Just To Be With Us: A Mother’s Reflection on Christmas

As I’ve counted down the days to Christmas, I haven’t been able to shake this big question: Why in the world did God choose to come to us as he did, as a newborn babe lying in a manger?

Instead, what if God had come to us as a Herculean warrior?

With shining armor and flashing sword and arrows that never miss their mark? He could’ve waged war on evil and stamped out oppression and challenged anyone opposed to his way. Don’t you think this would have been a more forceful (ahem, effective) way to bring God’s Kingdom to earth?

Or what if God had come as a heavenly super-being, or a diplomatic politician, or the wealthiest or strongest man to ever walk the earth? Don’t you think this would have saved him a lot of trouble?
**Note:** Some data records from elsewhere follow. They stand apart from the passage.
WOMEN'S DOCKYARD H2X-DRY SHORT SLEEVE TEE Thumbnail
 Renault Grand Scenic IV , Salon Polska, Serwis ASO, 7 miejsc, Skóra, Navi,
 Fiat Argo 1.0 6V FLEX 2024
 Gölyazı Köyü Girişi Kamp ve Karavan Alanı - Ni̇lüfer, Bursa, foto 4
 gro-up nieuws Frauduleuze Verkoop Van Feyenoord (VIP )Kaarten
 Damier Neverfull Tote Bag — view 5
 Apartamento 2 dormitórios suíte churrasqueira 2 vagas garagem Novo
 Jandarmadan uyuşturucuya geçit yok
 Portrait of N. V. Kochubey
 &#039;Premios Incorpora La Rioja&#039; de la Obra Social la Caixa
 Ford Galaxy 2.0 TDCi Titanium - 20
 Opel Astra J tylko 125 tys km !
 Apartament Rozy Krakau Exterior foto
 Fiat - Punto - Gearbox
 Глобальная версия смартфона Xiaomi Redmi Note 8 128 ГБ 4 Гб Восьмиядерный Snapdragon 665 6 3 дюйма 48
But that’s not what God did. God came as a baby. The definition of unarmed and non-threatening, gentle as can be. He came to us weak and helpless and snuggly and lovable.

This year I am shocked by the preposterous nature of the Christmas story.

God could have come to us as anything! But the God who created Life Itself, who knows the mysteries of the stars and planets and universe, came to us as a baby. And not a well-to-do baby born in a palace with all the world’s opportunities in his reach. No, he came to us as an illegitimate son of a poor carpenter with nowhere to lay his newborn head save some donkey’s feeding trough. Preposterous.

But maybe that’s the point. Maybe preposterous is exactly what God needed to get his message across.

Because he didn’t want to show off his might or power. He didn’t want to terrify or intimidate or force us into his ways. He didn’t want to remind us that he is the definition of mystery, beyond our understanding and impossible to fully grasp.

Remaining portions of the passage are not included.